Villensbildung in Hurden, Kanton Schwyz. ETH-Bibliothek Zürich, Bildarchiv / Fotograf: Müller, Benjamin

Die Villensnation

Von Villensbildung, steuerdümpelnden Seeufern und Eichenverantwortung – eine Glosse zum Montagmorgen von Christof Brassel, Autor und Rechtsantwalt.

In der Schweiz gibt es – vom Gebäudebestand her gesehen - verhältnismässig viele Villen, vor allem natürlich in den Villenvierteln, vorzugsweise an schönen steuerdümpelnden Seeufern. Da denkt man wohl zunächst einmal an die serienmässigen Villenansammlungen von Herrliberg-Geldmeilen oder Villerau. Wenn es um sehr teure Villen geht, sind sodann die palastartigen Anwesen am Genfersee zu erwähnen, z.B. jene von Cologny, die vor allem von «Oligarchen» aller Art «colognysiert» werden. Ganz nett und keineswegs billig sind da aber auch die hübschen Hergisvillen oder Walchvillen am Innerschweizer «Privilago Maggiore».

Angesichts des beachtlichen helvetischen Villenbestandes bestätigt sich einmal mehr, dass die Schweiz ganz offensichtlich eine Villensnation ist, eine Nation, die vom freien Willen der Villenbesitzer geprägt ist. Natürlich leben nicht alle Bewohner dieses Landes in Villen, die meisten Schweizer und Schweizerinnen sind vielmehr völlig villenlos. Da gilt dann halt der Sinnspruch «ohne Villen, kein Weg», und umgekehrt: «wo eine Villa ist, ist auch ein Weg», und nicht nur ein Weg, nein, eine komfortable geteerte Zufahrt zur Villengarage.

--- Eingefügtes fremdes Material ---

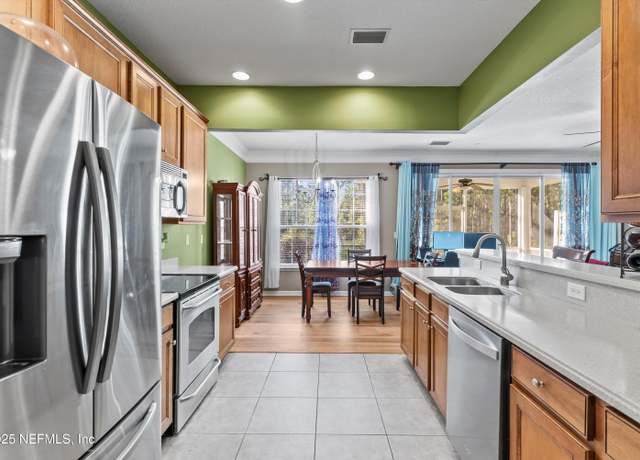 Property at 6415 Autumn Berry Cir, Jacksonville, FL 32258, 3 beds, 2.5 baths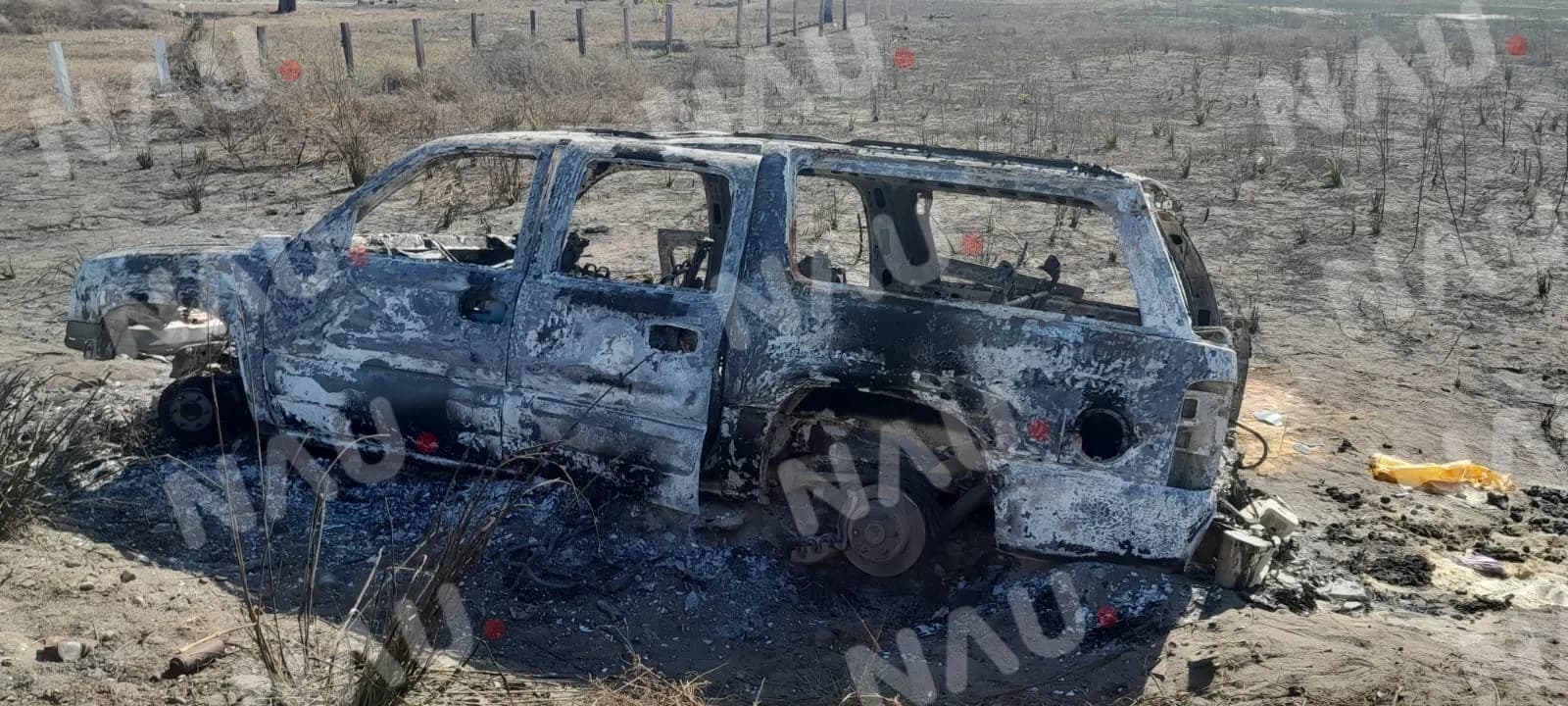 Corto circuito ocasiona el incendio de una camioneta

Doch zu den Villen gehören nicht nur monströse Betongaragen, sondern auch lauschige Gärten mit mächtigen Bäumen, sogenannten «Supereichen». Die Superreichen sind denn auch die wahren Villenbesitzer, und das «Eichentum» ist diesen bekanntlich heilig, ebenso die «Eichenverantwortung». Wer keine Villen hat, ist selber schuld, denn alles ist eine Frage der «Villenskraft». Nur mit harter «Erbeit» schafft man Wohlstand, und ohne Villen als Grundvoraussetzung gibt es auch keine anständige Erbschaft und «Villensvollstreckung». Doch dank starker politischer «Villenskraft» gibt es heute immerhin keine nennenswerte Erbschaftssteuer mehr. 

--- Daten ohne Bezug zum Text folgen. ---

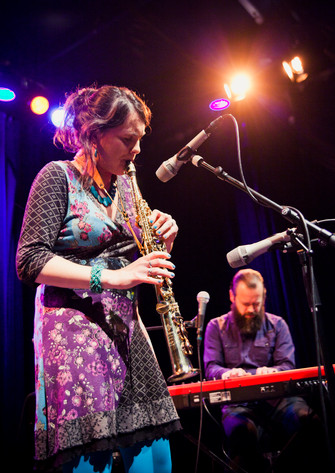 2013-12-04 - Elin Larsson & Lena Willemark från Södra Teatern, Stockholm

Zu den prächtigen «Supereichen» kommen in den Villengärten sodann auch noch die «Superbuchen» hinzu. Neben der «Eichenverantwortung» ist nämlich auch eine geschickte Buchhaltung von unschätzbarem Wert; ja es gehört gerade mit zur «Eichenverantwortung», die «ereichten» Gewinne in einem steuergünstigen Umfeld zu verbuchen. Neben der «Eichen- und Buchenverantwortung» tragen die freien Villenbesitzer/innen in unserem Land auch noch eine weitere, ganz besondere, Verantwortungslast: Sie müssen dafür sorgen, dass der politische Wille des meist villenlosen Volkes für sie immer die richtige «Villigkeit» annimmt.

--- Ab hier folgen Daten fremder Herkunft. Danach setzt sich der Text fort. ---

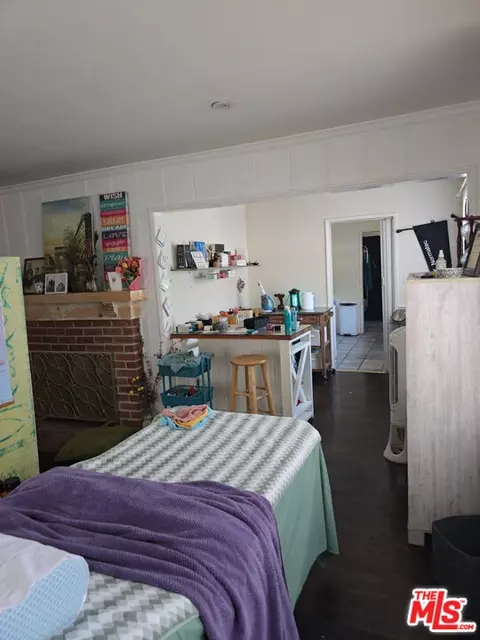Entry Way - 14137 Hamlin St, Van Nuys, CA 91401 photo 3 of 3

Dafür stehen den freien Villenbesitzern verschiedene «bereitvillige» Parteien, Villensbildungs-Organisationen und PR-Firmen zur Verfügung, aber mental bleibt die ganze Last letztlich doch an ihnen selbst hängen. Denn wie schon der Name sagt, stellt man den politischen Willen des Volkes ganz bewusst und «villentlich» immer in den Villenvierteln her. Und so berauscht sich denn auch der politische Wind wie eh und je an den Blättern der prachtvollen «Supereichen» und «Superbuchen» und weht dann, wie er will, hinaus in die weite villenlose Landschaft.